• _Assignment_:
A single stretch of the material below is to be transcribed exactly, starting at the line with "Slowear - Tapered" and ending after the line with "RRD Surflex Winter".
=== The input ===
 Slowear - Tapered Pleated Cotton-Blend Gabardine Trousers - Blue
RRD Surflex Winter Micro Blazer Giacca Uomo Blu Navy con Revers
===
=== The input ===
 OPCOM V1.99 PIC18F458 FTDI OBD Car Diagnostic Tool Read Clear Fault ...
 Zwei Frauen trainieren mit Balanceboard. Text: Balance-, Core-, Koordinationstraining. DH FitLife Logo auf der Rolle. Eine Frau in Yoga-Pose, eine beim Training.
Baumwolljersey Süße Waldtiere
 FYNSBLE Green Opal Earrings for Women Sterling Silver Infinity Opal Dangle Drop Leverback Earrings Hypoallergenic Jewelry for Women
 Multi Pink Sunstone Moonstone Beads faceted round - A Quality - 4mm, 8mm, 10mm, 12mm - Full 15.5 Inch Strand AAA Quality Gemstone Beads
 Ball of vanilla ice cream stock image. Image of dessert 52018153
===
• _The completed task_:
 Slowear - Tapered Pleated Cotton-Blend Gabardine Trousers - Blue
RRD Surflex Winter Micro Blazer Giacca Uomo Blu Navy con Revers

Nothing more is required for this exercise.